# Provided records
▼

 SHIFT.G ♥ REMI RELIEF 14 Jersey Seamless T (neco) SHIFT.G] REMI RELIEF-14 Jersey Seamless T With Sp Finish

▲
▼

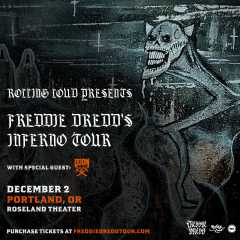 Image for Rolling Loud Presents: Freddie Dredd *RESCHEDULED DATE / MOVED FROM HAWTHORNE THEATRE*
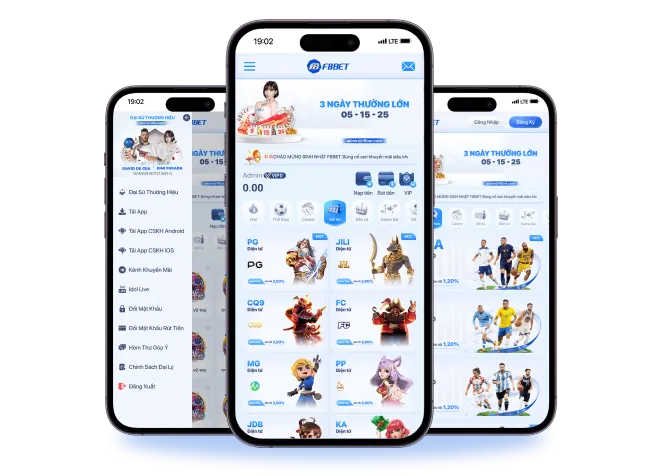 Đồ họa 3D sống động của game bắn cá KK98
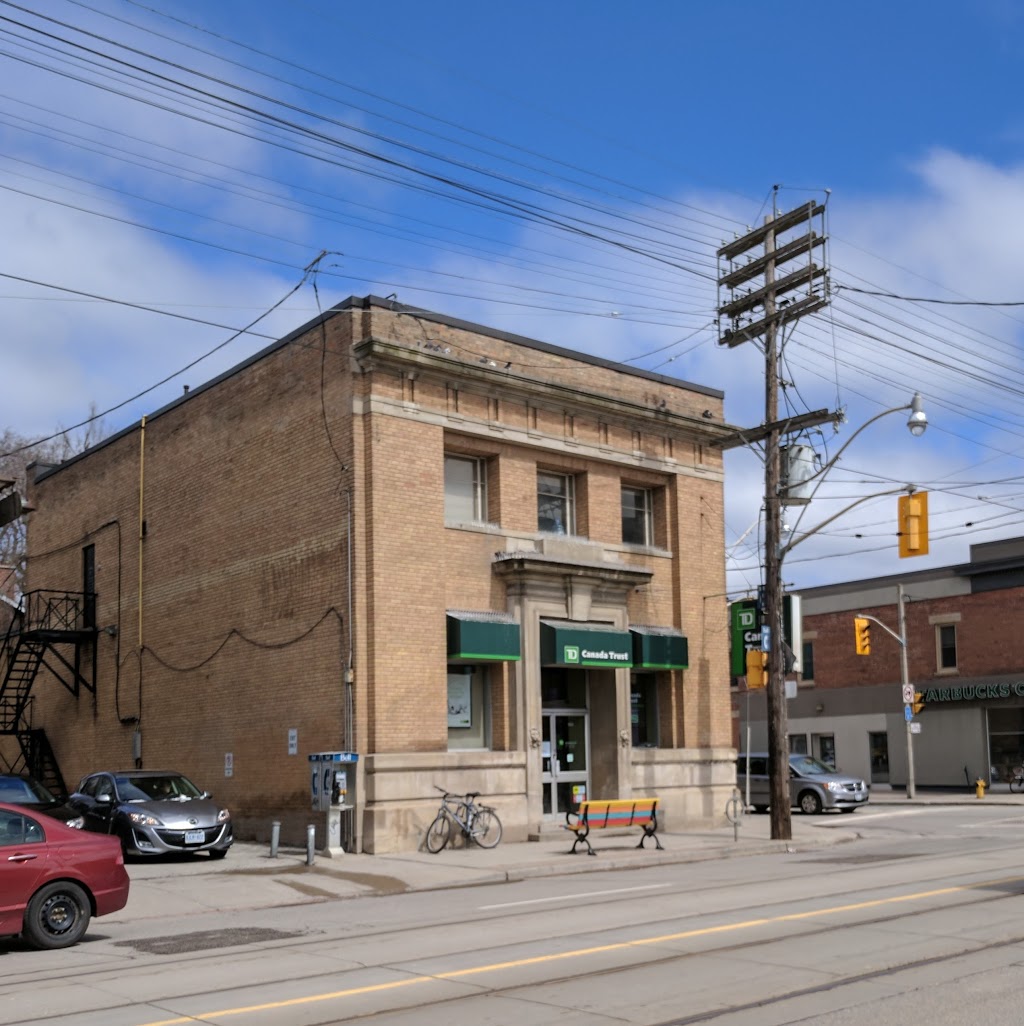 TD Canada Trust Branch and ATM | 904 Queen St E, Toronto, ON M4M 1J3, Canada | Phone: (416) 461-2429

▲

# What is being asked
In the data above, find the line with "Đồ họa 3D sống động của game bắn cá KK98" and the line with "TD Canada Trust". Please copy exactly those two lines and every line between them, but not the pictures.

# Final answer
 Đồ họa 3D sống động của game bắn cá KK98
 TD Canada Trust Branch and ATM | 904 Queen St E, Toronto, ON M4M 1J3, Canada | Phone: (416) 461-2429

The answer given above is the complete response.